When I was 18 my comparative literature professor blew my mind.
We all had to take two quarters of English or Comp Lit or Dramatic Arts or Speech (soon to be called Rhetoric), and I would have enrolled in English but the classes were full. It didn’t make much difference; all involved reading and then writing about what was read. We were supposed to be examining assigned texts, but I arranged to add or substitute items of interest to me. We were supposed to be writing literary criticism but I mostly despised that. Even now I think most lit crit is just a form of gossip. It’s okay if someone puts literature in its historical context, but I don’t want the biographical tidbits about the author; I figure the author can tell us what the author wants through the literature.
So I went my own way. I kept a journal. In it I tried composing verse in Spanish, I interpreted some of Yeats’s poetry, and I’m sure I described a few of my own opinions. I don’t have the journal any more; the professor kept it.

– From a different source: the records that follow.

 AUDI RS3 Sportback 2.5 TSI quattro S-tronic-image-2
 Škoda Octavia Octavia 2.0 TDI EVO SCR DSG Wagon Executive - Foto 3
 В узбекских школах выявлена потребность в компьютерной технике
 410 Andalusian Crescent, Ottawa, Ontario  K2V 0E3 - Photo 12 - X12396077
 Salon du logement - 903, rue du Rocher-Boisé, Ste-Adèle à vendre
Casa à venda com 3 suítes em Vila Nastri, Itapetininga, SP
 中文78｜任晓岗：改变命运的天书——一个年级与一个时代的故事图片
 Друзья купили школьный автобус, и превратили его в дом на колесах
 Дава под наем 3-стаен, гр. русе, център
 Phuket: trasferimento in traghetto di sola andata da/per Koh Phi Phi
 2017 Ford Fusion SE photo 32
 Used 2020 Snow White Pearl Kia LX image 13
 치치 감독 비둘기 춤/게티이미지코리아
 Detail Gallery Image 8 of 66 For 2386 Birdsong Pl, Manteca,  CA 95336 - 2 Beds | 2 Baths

Anyway, the final exam was an oral. Each of us was assigned a quarter hour in the professor’s office. When I showed up for my 15 minutes the student ahead of me wasn’t finished. I was invited into the room and I participated in a spot-analysis of a Dylan Thomas poem. By the time we were done with that the student who was after me had arrived, so I expected the first kid to leave and the next guy to join us. But the professor asked the next student to wait, please, and she shut her office door.
“So tell me,” she said as she spun her chair my way, “tell me why you write like a man.” She reached for my journal and that gave me a moment to recover from shock.
“Uh,” I stammered, “I guess it must be because the authors I admire are male. I guess I’m modeling my style on what I like.”
Then the professor gave me lovely words. She told me it was time for me to start developing my own style. She said that I could use my femaleness, ride my own hormones even, to produce different effects. She let me know that a woman artist is likely to enhance her work by her emotional life, while a male will probably be distracted from his work by love.
She encouraged me, in the true sense of the word. She heartened me. And she asked to keep my journal, for at least awhile.
I saw her again, in different circumstances and with a different name, four years later. She still had the journal then. That’s okay with me. I have her advice.